There are some conditions that the system cannot recognize a person, such as when a person wears a mask or sunglasses or faces and investigates different points of view. Fig. 11 illustrates some of the examples of recognizing as non-family.

images

Figure 11: Face recognition results recognized as non-family members

5  Conclusion and Future Work

In this study, we suggested a system that simplifies the mobility of VIP, and it can be beneficial in food crop detection and face recognition for VIPs’ daily lives. Our model has gained 83.27% mAP in object detection and over 95% accuracy in face recognition, which are reasonably decent results. This research is anticipated to help to improve blind people’s lives by making them able to “see” their surroundings. In future developments of this system, the integration of voice commands and audio feedback will be considered to enhance the user experience. This addition aims to make the application more intuitive and accessible, allowing users to interact with the system using natural language commands and receive auditory information about their surroundings. The future scope in object detection will be counting the number of objects in the frame and calculating the distance between a user and a thing to give more precise information to the user. There is also potential to expand the range of detectable objects to include various household items, further aiding in everyday tasks. The face recognition system can be improved by life-long learning when a new person introduces oneself. In such a scenario, a new person will tell one’s name, and the system will save his photo and name from learning the face’s alignments for future use.

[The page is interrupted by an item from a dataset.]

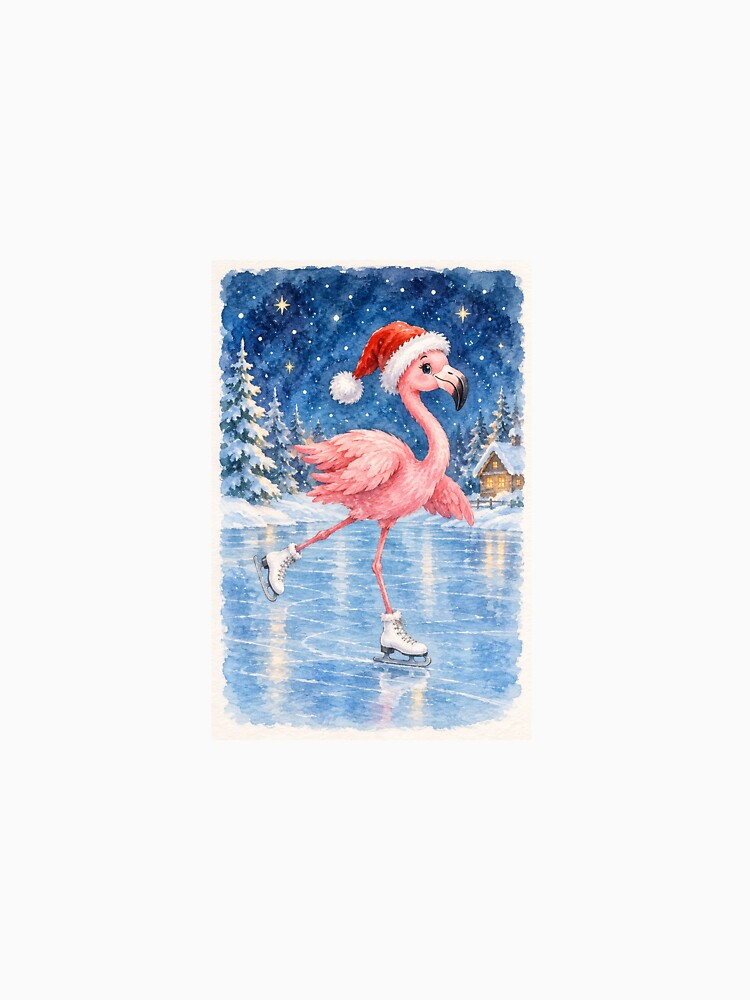 Cute Pink Flamingo Ice Skating with Santa Hat – Christmas Watercolor Illustration by mayatA-rt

Acknowledgement: Not applicable.

Funding Statement: This work was partially supported by the Korea Industrial Technology Association (KOITA) Grant Funded by the Korean government (MSIT) (No. KOITA-2023-3-003). Also, this research was partially supported by the MSIT (Ministry of Science and ICT), Korea, under the ITRC (Information Technology Research Center) Support Program (IITP-2024-2020-0-01808) Supervised by the IITP (Institute of Information & Communications Technology Planning & Evaluation).

Author Contributions: The authors confirm their contribution to the paper as follows: Study conception and design: Heechul Jung, Sookhee Ryue; data collection: Soyoun Bang, Sookhee Ryue; analysis and interpretation of results: Heechul Jung, Soyoun Bang, Karshiev Sanjar; draft manuscript preparation: Karshiev Sanjar; supervisor of this research work: Heechul Jung. All authors reviewed the results and approved the final version of the manuscript.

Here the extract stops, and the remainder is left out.